ALERT: Climate Protection Payments Must Avoid Deforestation of Ancient Rainforests AND Their Industrial Diminishment
TAKE ACTION: Selective logging diminishes primary and old-growth forests' carbon stores, ecosystems, and biodiversity; and has no place in proposed carbon market payments for rainforest and climate protection
The concept of "avoided deforestation" -- whereby countries are paid to protect forests -- is the most promising rainforest and climate change policy development in years. It fights climate change at a low cost while preserving other ecosystem services, safeguarding biodiversity and improving living standards for some of the world's poorest people. Unlike other proposed forest conservation solutions, such as "certified" forest logging of ancient forests (primary and old-growth forests), it has the potential to maintain standing rainforests in an intact, fully functioning condition; while meeting reasonable local development needs...
For the first time a grouping of tropical rainforest rich countries, called the "Forestry Eight" and controlling over 80 percent of the world's tropical rainforests, agree and are proposing a plan to be paid to protect their rainforests and thus reduce global warming... Troublingly, many crucial details regarding how avoided deforestation payments would work remain undefined...
Let the "Forestry Eight" know that in order to ensure carbon payments for rainforest and climate protection are rigorous and maximally effective, they must be made to avoid both rainforest deforestation AND diminishment, which excludes ANY industrial development. Only equitable payments for strict preservation will maximize climate, ecosystem, biodiversity and local benefit. Anything less is greenwashing and will not solve anything. TAKE ACTION:

Comments
Do you really think these actions make any difference at all? The people on your list are civil servants! It's voters and politicians you need to be aiming at, not clogging civil servants' mail boxes!
RESPONSE: Ah, well, yes we do. It leads to many outright victories such as those at http://www.climateark.org/kudos/ and to awareness raising. And most importantly it puts those making decisions effecting our future on notice that they are being watched and will be held accountable.
Posted by: J. Alfred Prufrock | September 22, 2007 5:43 AM
I think this action will work, but we have to keep pushing the governments that involved in 'Forestry Eight'. We have to make sure that those countries do the right thing for conservation and biodiversity and not just 'after' the carbon money. Let's keep watching them. For climateark, keep the good work. Good luck!
Posted by: Liana | September 23, 2007 4:06 AM
Glen-
Why don't you include the forest stakeholders in Canada and the US? Our forests also sequester carbon, and deforestation is occurring here just like in the Southern Hemisphere.
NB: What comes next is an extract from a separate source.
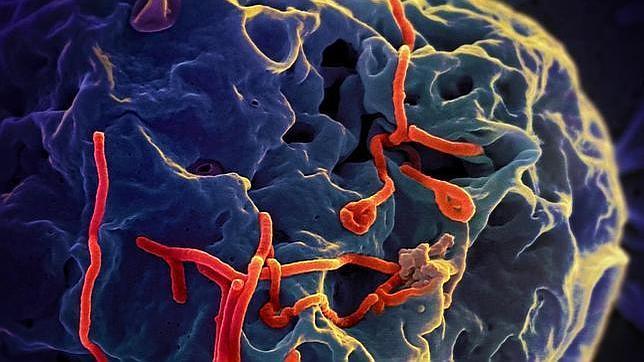 Según algunos investigadores, harían falta cientos de miles de dosis de este tratamiento contra el ébola (en la imagen, los filamentos rojos)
We consume 27% of the globe's wood products.
Mike Roddy
Posted by: Mike Roddy | September 23, 2007 7:38 PM
Good job, Glenn. I also would agree that it helps motivate to see who the e mails go to.
I believe the rainforest focus is good because it may be dissappearing much faster than the boreal forest and holds more species especially charismatic megafauna.
Much of the tropical wood is not logged for wood production at all, but simply burned for firewood and land clearing.
Posted by: Dave Moore | September 24, 2007 2:17 PM
this sounds very promising, but I was wondering where Brunei is among the forestry 8... ok so they're tiny, but their forest is by and large pristine ancient rain forest, in stark contrast to other Borneo states. Was Brunei invited to join?